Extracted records
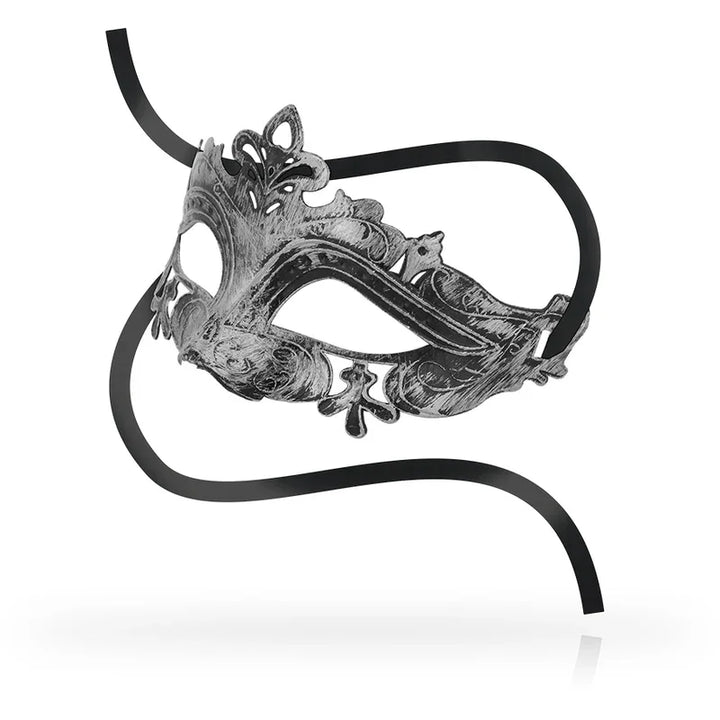 OHMAMA - MASKS ANTIFAZ ESTILO VENECIANO SILVER - Nuvica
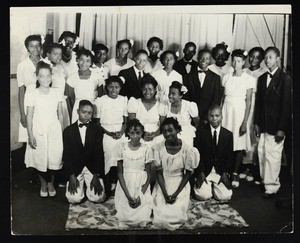 Unidentified group of young adults in Memphis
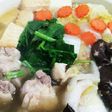 鶏肉と野菜の日本酒たっぷり煮込み鍋
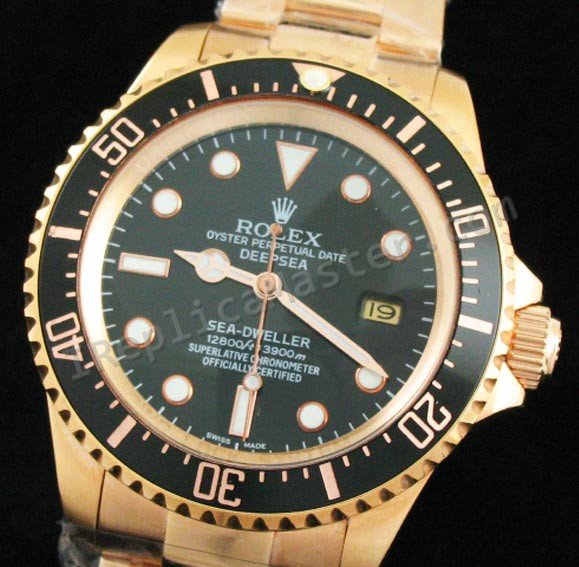 Rolex Sea-Dweller Deepsea Replica Watch - Click Image to Close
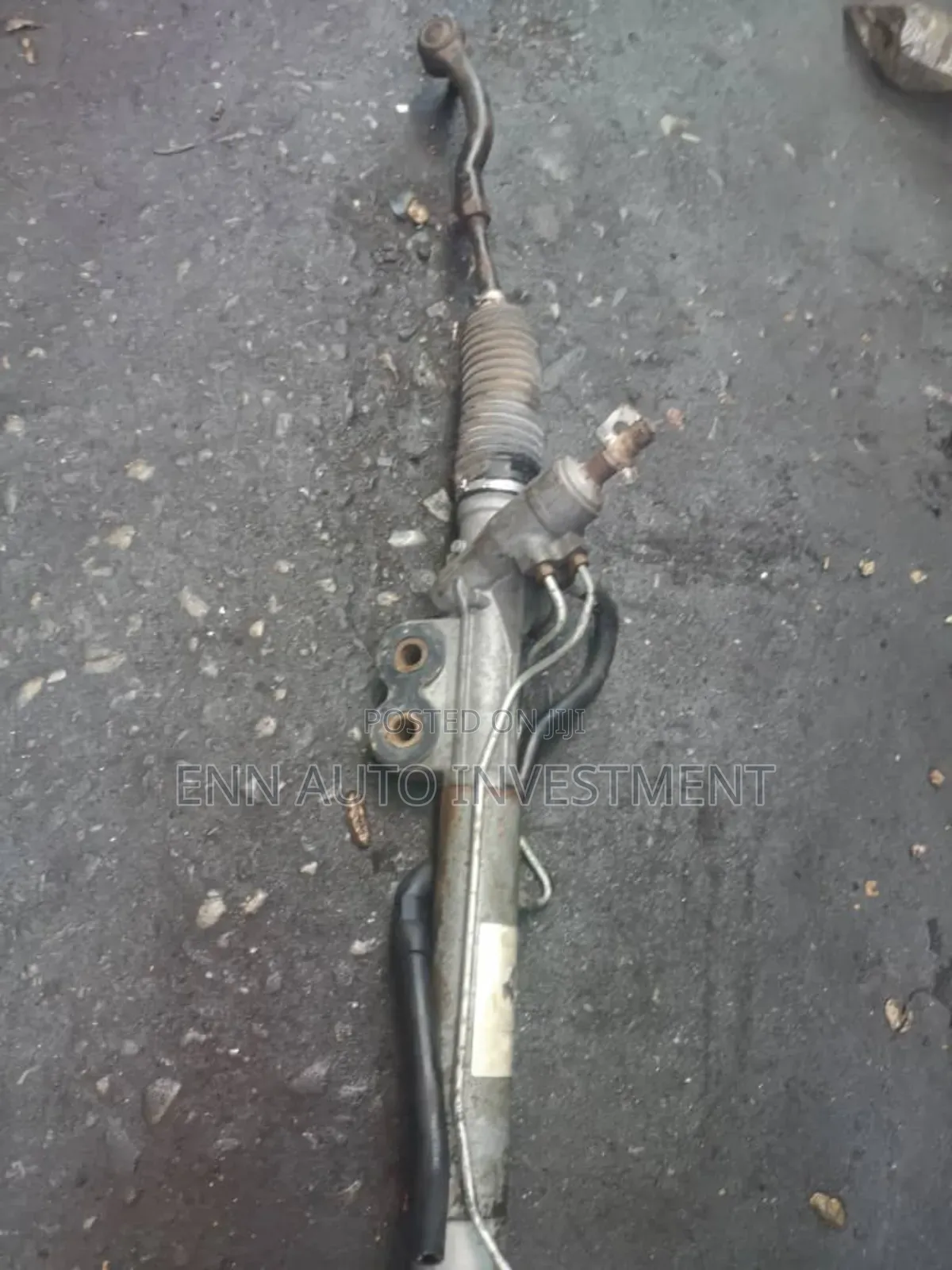 4.0 Pathfinder/Xterra/Frontier Steering Rack
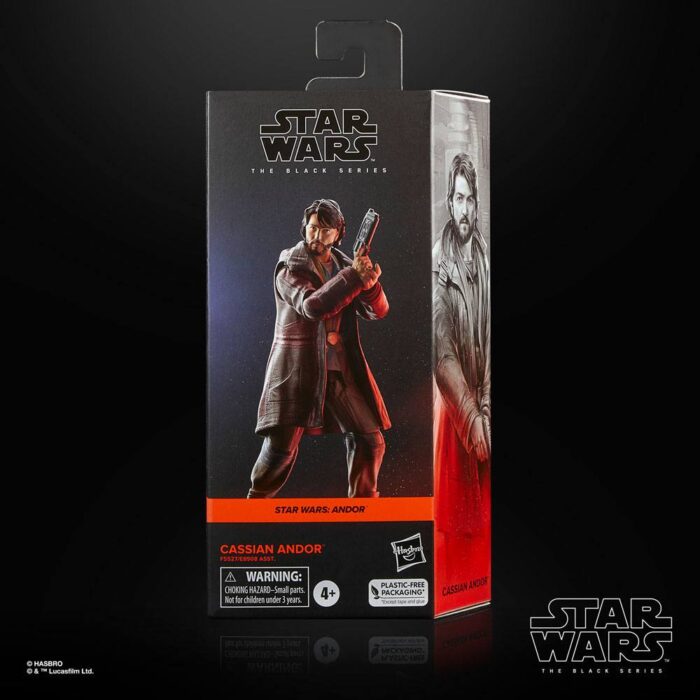 Cassian Andor Star Wars Black Series Figur von Hasbro aus Star Wars: Andor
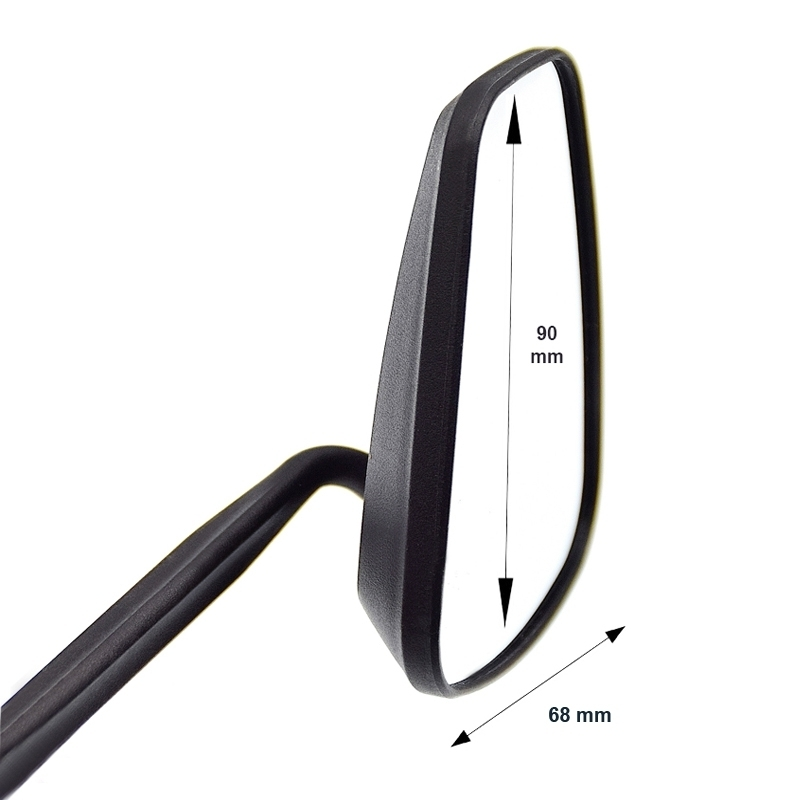 Rétroviseur Gauche Pour Vélo Espion Z56 Zefal 2 Rétroviseur Gauche Pour Vélo Espion Z56 Zefal – Image 2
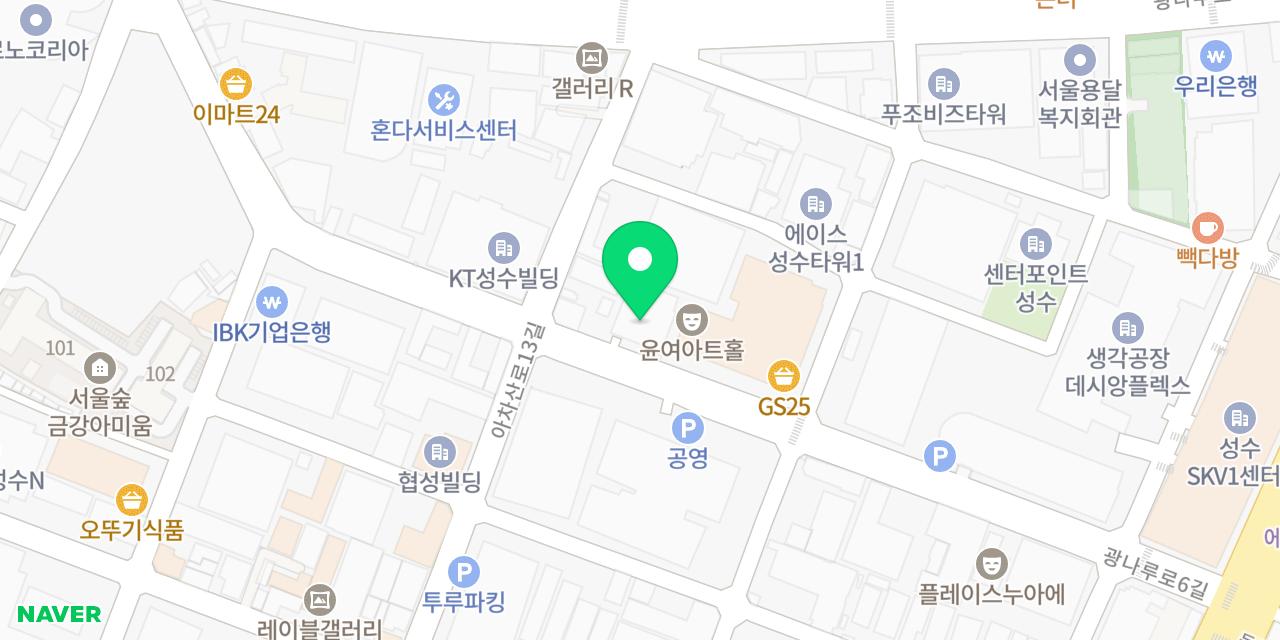 Map showing where Hangyeonghwa Seolleongtang is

■ Task statement: Repeat the preceding records precisely, and leave every picture out of the copy.

■ Reply:
 OHMAMA - MASKS ANTIFAZ ESTILO VENECIANO SILVER - Nuvica
 Unidentified group of young adults in Memphis
 鶏肉と野菜の日本酒たっぷり煮込み鍋
 Rolex Sea-Dweller Deepsea Replica Watch - Click Image to Close
 4.0 Pathfinder/Xterra/Frontier Steering Rack
 Cassian Andor Star Wars Black Series Figur von Hasbro aus Star Wars: Andor
 Rétroviseur Gauche Pour Vélo Espion Z56 Zefal 2 Rétroviseur Gauche Pour Vélo Espion Z56 Zefal – Image 2
 Map showing where Hangyeonghwa Seolleongtang is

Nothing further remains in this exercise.